A belief in the adversarial process as a guarantor of justice. Making sure that everyone gets to tell their story is central to justice; a belief that might makes right is something far different. In far too many cases – and nearly always in prominent cases – the process of obtaining justice has become a battle between intellectual gladiators, with government prosecutors (not coincidentally the best funded) winning a shocking percentage of the time. This is not a process that is open to the use of warnings.

These two examples, however, are merely part of a larger process, that of politics overtaking everything else in our civilization, including ethics. And when the ethical becomes the political, power overcomes justice.

Power, as has been noted before, seeks nothing so much as more power. Under that mindset, whatever limits or insults power is an enemy… it becomes the crime of lèse-majesté, of injuring the honor of the ruler.

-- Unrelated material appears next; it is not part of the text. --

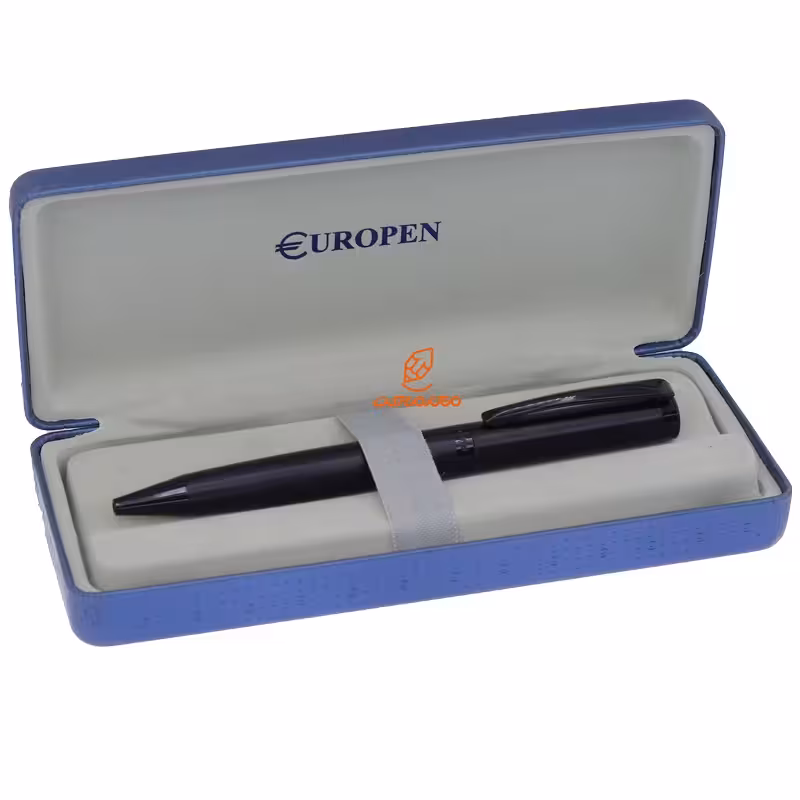 خودکار مشکی یوروپن مدل جاسپر JASPER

It’s important to understand that lèse-majesté is not a physical thing like damaging persons or property. It is, rather, an emotional thing. With rulership unrestrained by a superior and separate ethics, lèse-majesté becomes anything that portrays power as something to be limited. And warnings do not feed power. Rather, they starve it.

What’s good for power is blind faith and blind obedience, and warnings oppose blindness of both forms. And if the law warned rather than striking first, there would be far less fear among the ruled, and that’s not good for power either.

In the End…
More could be added to this subject, but I think I’ve covered the essentials. In the end, the situation boils down to this:

Warnings clearly help accomplish the true goal of law: beneficial interaction. But they oppose the demand of power to be blindly honored. Therefore warnings have been pushed out of the practice of law.

Further, we can expect this situation to remain as long as politics reigns as sovereign over law and as an angry lord over society.